Milk & Mode is the personal blog of Carol Han, who’s gigs in the fashion world include editor, writer, and, currently, one half of digital consultancy firm CA Creative. She’s also an incredibly prolific home cook, which is why Milk & Mode explains how to prep quick and delicious recipes in a shoebox-size city kitchen like Han’s own cook lab. Here, she shares her recipe remake of Tea & Sympathy‘s Sugar-Glazed Lemon Cake for you to attempt at home – or to inspire you to place an order.
The Dish: Sugar-Glazed Lemon Cake Restaurant:Tea & Sympathy When to Eat It: On a lazy Sunday afternoon when you’re hanging around the house, reading the weekend paper, and sipping tea or coffee. Level of Difficulty: (Scale 1-5) 2 Restaurant vs. Home: I love the atmosphere at Tea & Sympathy—a friend brought me there for the first time a few months ago and I fell in love with the tiny tables, the saucy waitresses, and most of all, their old-fashioned beef stew. I was so enamored with it that I went next door to buy their cookbook right after our meal, and made this lemon cake from it the next day. It comes out absolutely delicious, but if you’re craving the whole experience, I would highly recommend making a stop at the restaurant. Drink Pairing: A strong black or green tea.

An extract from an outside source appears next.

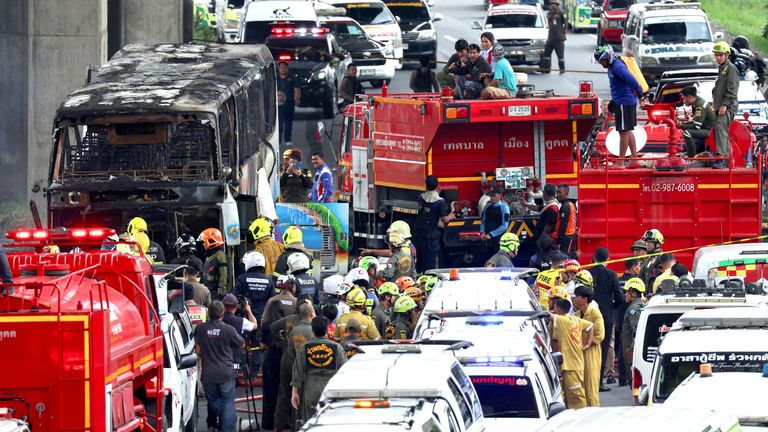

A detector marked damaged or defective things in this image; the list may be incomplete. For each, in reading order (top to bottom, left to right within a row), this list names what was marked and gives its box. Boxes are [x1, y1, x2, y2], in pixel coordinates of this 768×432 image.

burned bus [47, 42, 280, 251]
charred vehicle exterior [47, 44, 280, 250]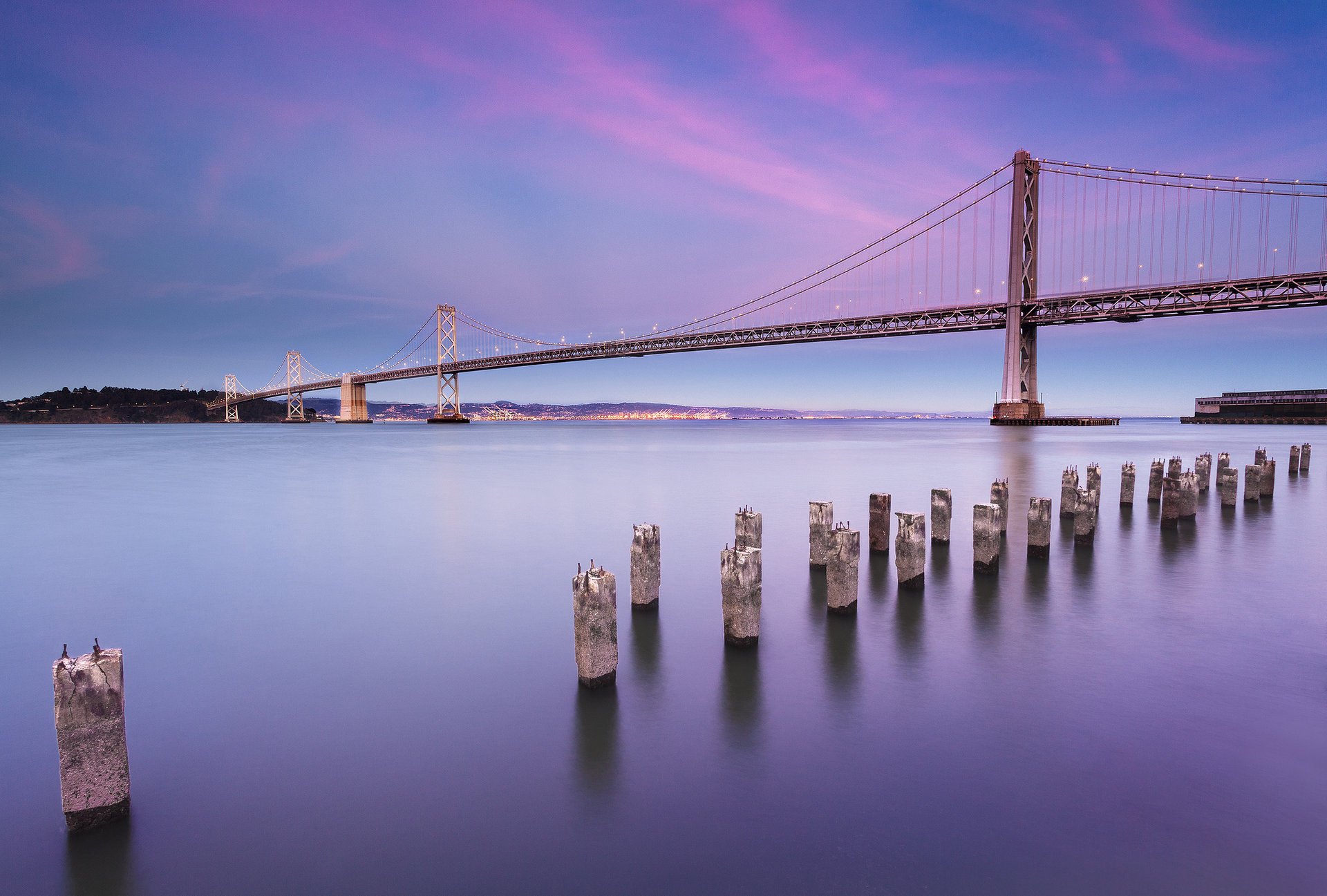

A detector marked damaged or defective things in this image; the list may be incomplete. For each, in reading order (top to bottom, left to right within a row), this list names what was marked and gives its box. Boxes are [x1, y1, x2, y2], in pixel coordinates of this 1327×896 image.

Recipe: Sugar-Glazed Lemon Cake adapted from Tea & Sympathy, by Anita Naughton and Nicola Perry Ingredients: For the cake: 1 1/2 sticks unsalted butter 3/4 cup sugar 2 large eggs, beaten 1 1/2 cups sifted all-purpose flour 1 teaspoon baking powder Juice and zest of 2 lemons 1/4 cup whole milk For the glaze: 1/2 cup sugar Juice of 4 lemons
Directions: Preheat the oven to 350 degrees.
To prepare the cake: Grease and flour an 8 x 4 1/2 x 3-inch loaf tin. In an electric mixer, cream the butter and sugar together until light and fluffy. Beat in the eggs, one at a time. With a spatula, fold in the flour and baking powder. Add the lemon juice and zest and the milk a little at a time.
Transfer the mixture to the loaf tin and bake for about 1 hour, until the top is a deep burnished brown, and soft and spongy to the touch. It is done when a knife inserted into the middle of the cake comes out clean.